Teacher Responsibility Student Responsibility
Explicit instruction “I do it.”
Guided instruction “We do it.”
Collaboration “You do it together.”
Independence “You do it alone.”

      Source: Fisher & Frey, 2008.

      This is the type of instruction that should occur in every classroom every day. The gradual release of responsibility gives a student the structured autonomy for his or her own learning. Student responsibility for learning increases as teacher responsibility for instruction decreases. A teacher assumes the most responsibility when giving explicit instruction, ensuring student understanding of what they are about to learn and why (Fisher, 2008). Then, students and the teacher work together on the learning during guided instruction. This gives the teacher a chance to both model thinking and gauge student comprehension via prompting, facilitating, questioning, or leading tasks that increase comprehension (Fisher, 2008). The next shift in responsibility moves students to collaborative work with peers, where they use problem solving, discussion, and negotiation (Fisher, 2008). They have a chance to play with ideas, take risks, and teach and learn from each other. Autonomy, competence, and relatedness are strong components of this step. Finally, students receive a chance to independently apply what they learn.

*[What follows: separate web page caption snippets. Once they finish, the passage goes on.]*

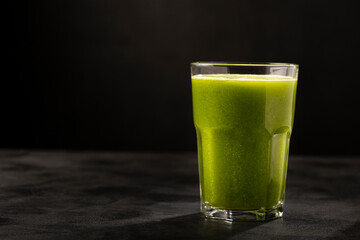 Healthy detox smoothie in glass cup. Detox drink.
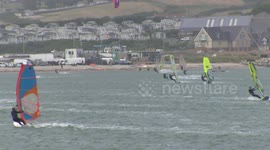 Large gathering of windsurfers enjoy the sports as lockdown easies in UK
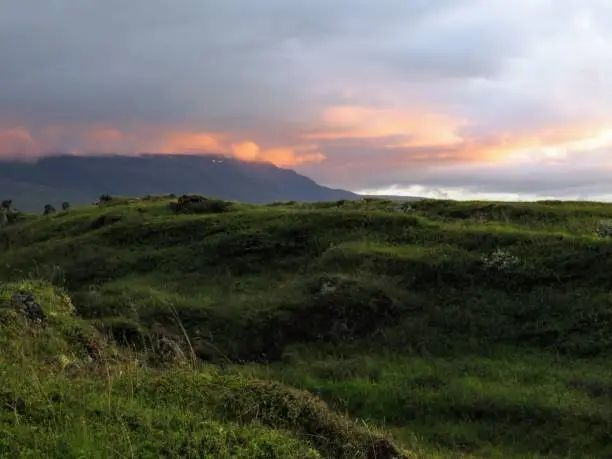 Sunset over green hills in Fossholl, Iceland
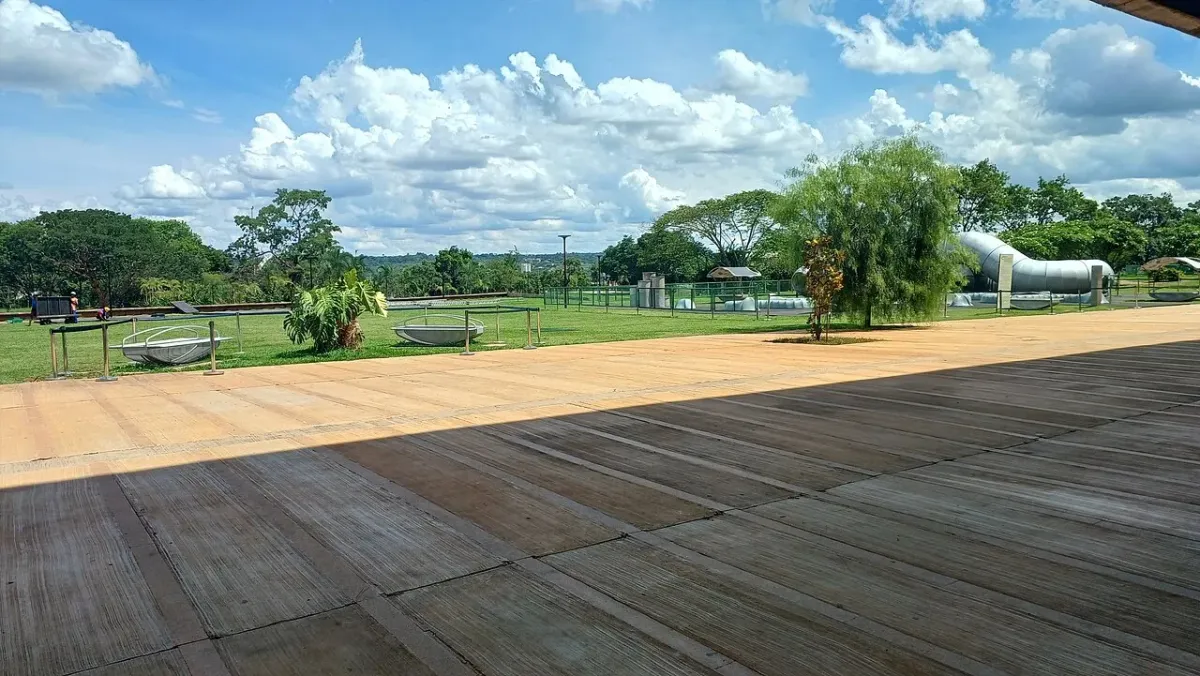 Piso de madeira e gramado nos jardins do CCBB Brasília, com árvores e estruturas ao fundo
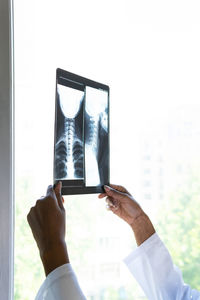 Crop black female medic standing near window and examining x ray scan while working in clinic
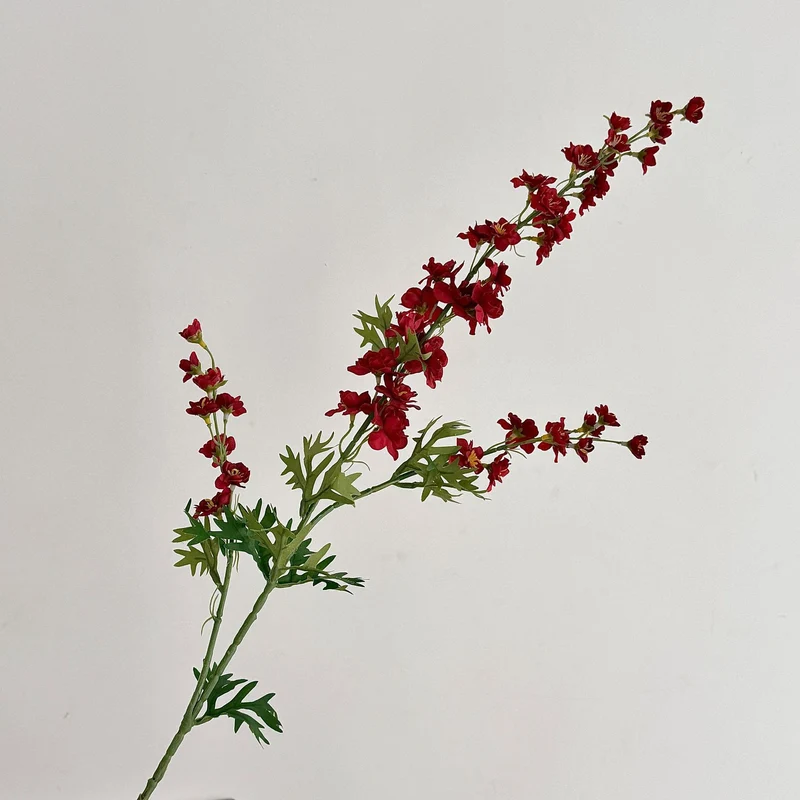 Artificial flower branch with intricately detailed red flowers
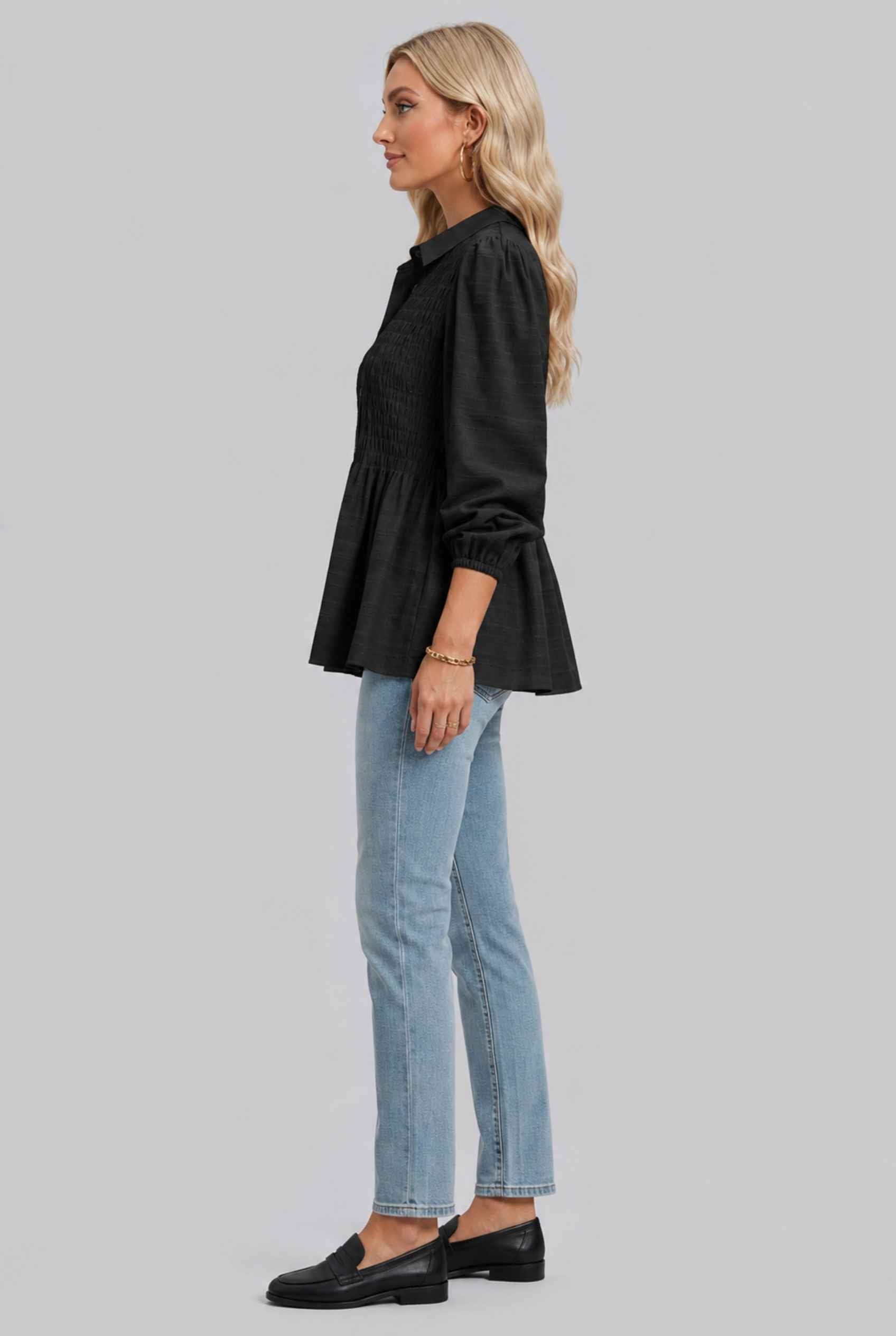 Woman wearing The Sutton Peplum Blouse Smocked Button-Down Black Top on a gray background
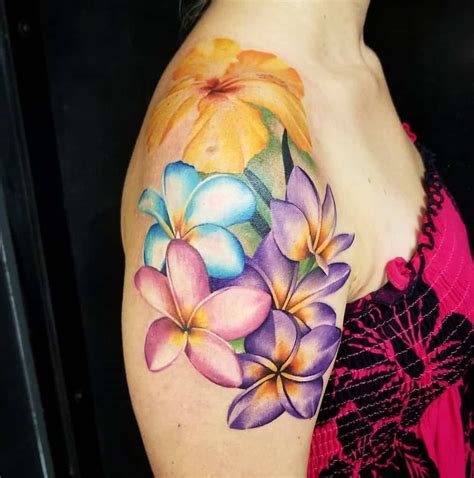 A colorful tattoo of tropical Hawaiian flowers on the sleeve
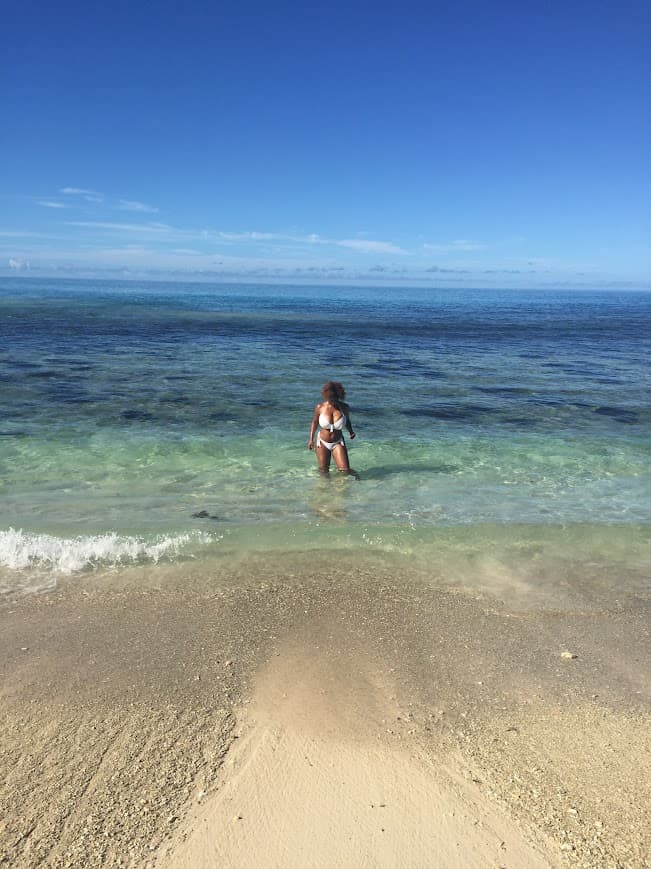 Advisor posing in shallow ocean water on a sunny day at the beach
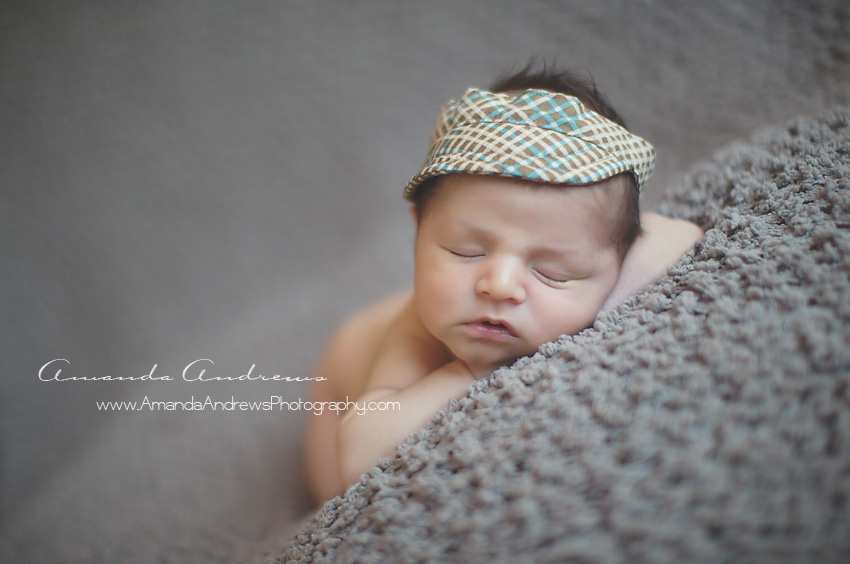 sleeping newborn with cap on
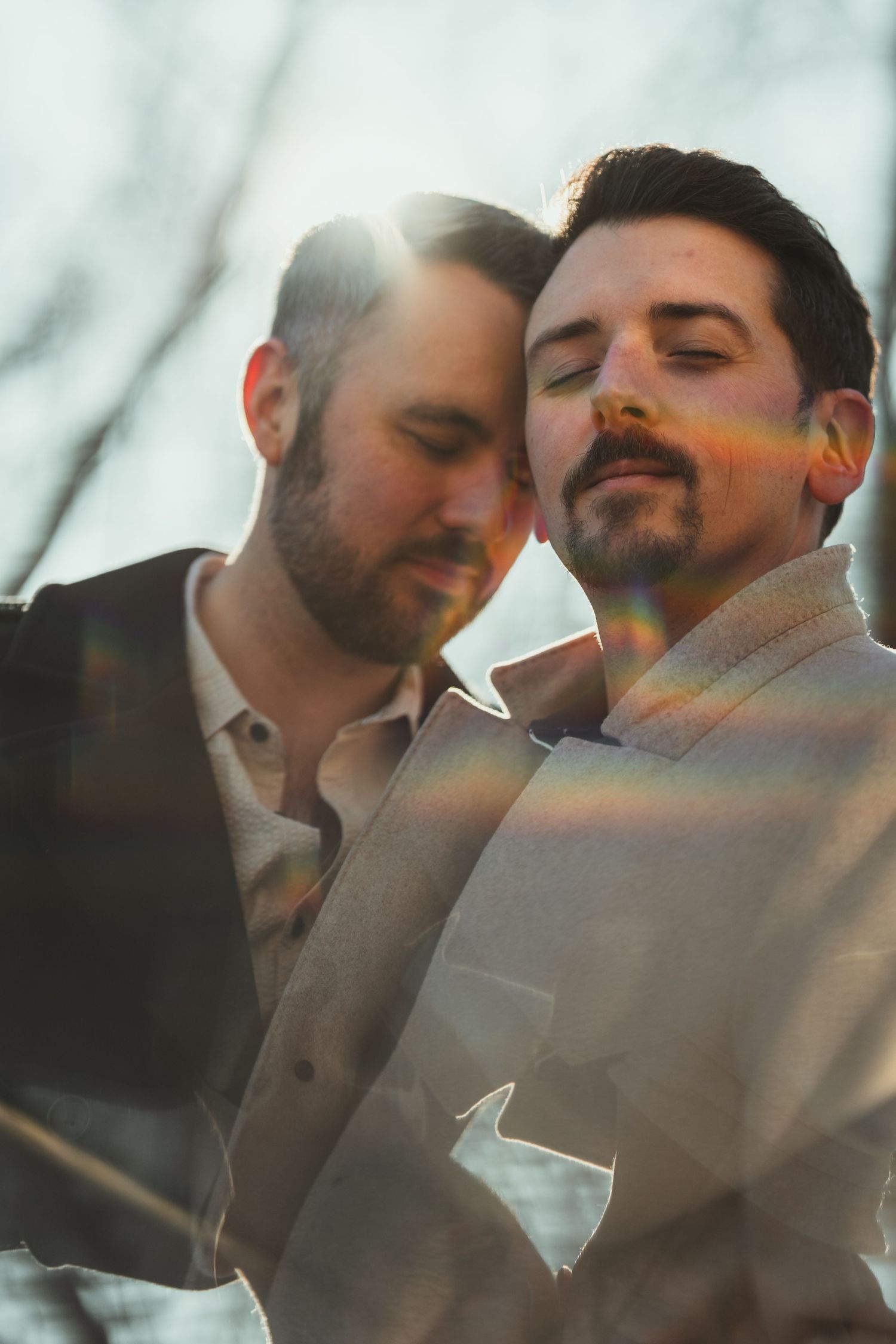 Two men in suits share a romantic moment outdoors, bathed in golden sunlight with a colorful lens flare.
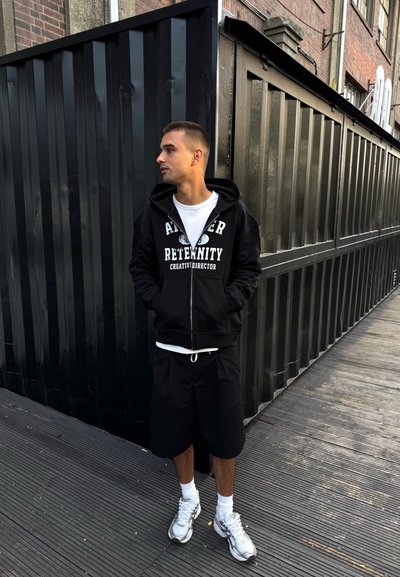 Sudadera negra con cremallera y estampado blanco, combinada con pantalones cortos negros y zapatillas grises. El fondo presenta una pared negra texturizada.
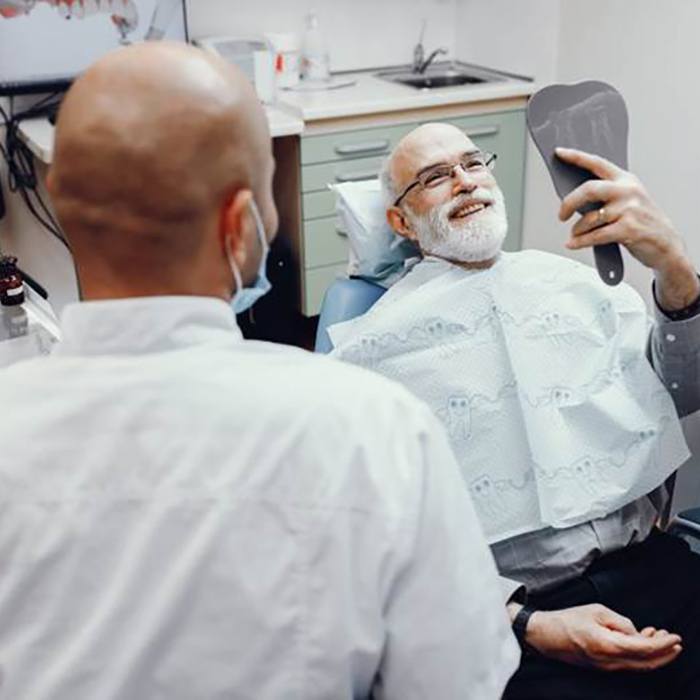 dental patient seeing his new smile after getting dentures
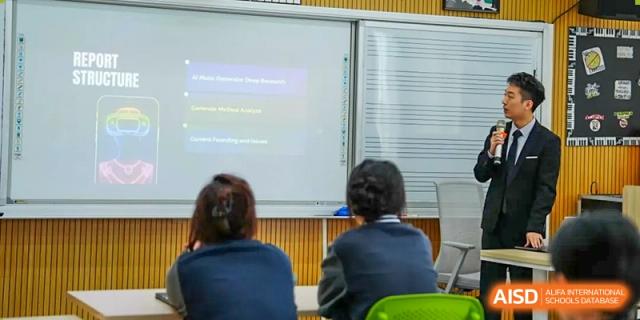 Students attending a class where complex data and a presentation are displayed on a large screen at Shenzhen International Foundation College (SIFC).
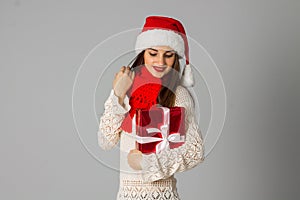 Girl in santa hat with gift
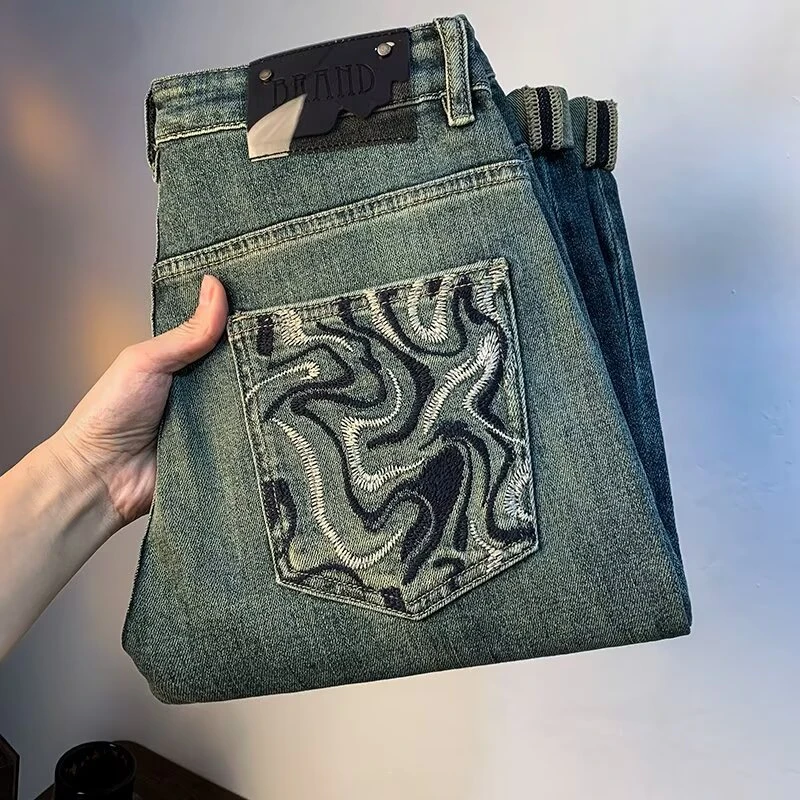 春夏新款潮流牛仔裤男士韩版修身百搭高档欧若风刺绣休闲九分长裤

A major misconception is that this final layer is the assessment; it is not. Students must have individual practice before a teacher does a final assessment.

      Decreasing the teacher’s responsibility creates more opportunities for him or her to work with individual students and small groups, allowing for daily formative assessment and feedback. The most effective teaching strategies to improve student achievement, as researcher and professor John Hattie (2012) notes—classroom discussions, clarity, reciprocal teaching, positive formative assessment, cognitive task analysis, self-questioning, and self-reporting grades—can only occur in a gradual release of responsibility format.

      It is important to note that this is not a linear shifting of responsibility, but the model’s message is clear: scaffold students toward independence through guided instruction and peer collaboration. The gradual release of responsibility is a way to conceptualize consolidating learning.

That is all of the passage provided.